I'm trying to use an he.net tunnel over a PPPoE session due to the lack of DHCPv6 Prefix Delegation support.
The tunnel appears to be working partially. I've lowered the he.net side of the tunnel's MTU to 1472 to cater for the PPPoE header and verified via an Advanced Shell session that the 6in4 tunnel is also using an MTU of 1472. I've also lowered the IPv6 MTU on my test Windows 10 VM also to 1472.
I have a default route (::/0) pointing to the 6in4 tunnel.
I also have a single IPv6 rule that allows all traffic from the LAN zone to the WAN zone. No scanning, policies nor NAT is being applied. Simple vanilla allow rule.

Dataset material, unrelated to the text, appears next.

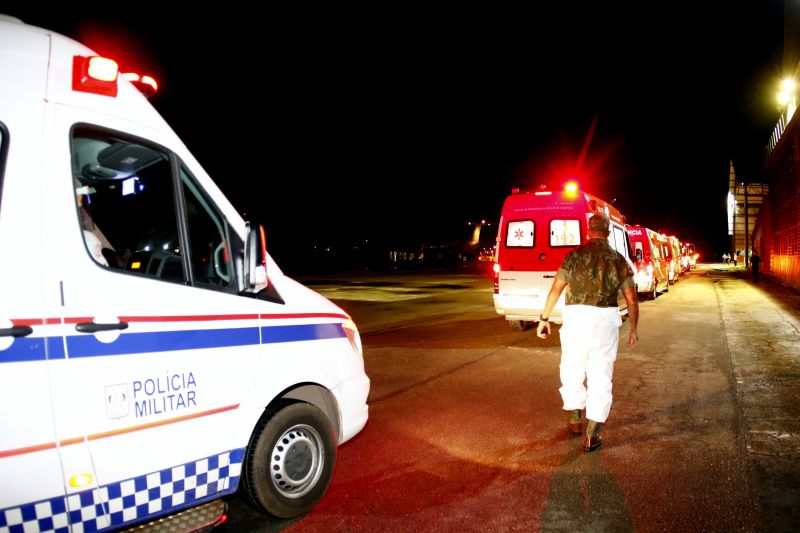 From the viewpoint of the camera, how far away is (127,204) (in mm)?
3293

I've taken the routed /64 prefix and assigned an address to the LAN interface (e.g. 2001:470:x:x::1).
I've also assigned the Windows 10 VM an address from the same prefix (2001:470:x:x::2) and using the XG Firewall's assigned address as the default gateway. Also using the he.net provided DNS Forwarder as the DNS server.
Both the XG Firewall and the Windows 10 VM are happy to ping and traceroute the remote end of the tunnel, the he.net supplied DNS forwarder and any number of IPv6 addresses.
However any attempt made to connect to TCP services such as SMTP, IMAP, POP3, HTTP and FTP over IPv6 result in timeouts.
I suspect that SFOS is being too smart for it's own good, intercepting the traffic even though the single IPv6 rule says don't do this, and then failing to establish the upstream connection due to a lack of a Global IPv6 address assigned to a WAN interface. The reason I suspect this is because running ifconfig via an Advanced Shell session only shows a single Global IPv6 address and that's the one I manually assigned to the LAN interface. The 6in4 tunnel has no Global IPv6 address and I can't see any way of assigning one.
Is there anyone who is able to confirm my suspicions? Or failing that, help me come up with a way of getting this to work?
Every time I try anything related to IPv6 on SFOS it just seems unnecessarily difficult and appears that the IPv6 implementation is half baked.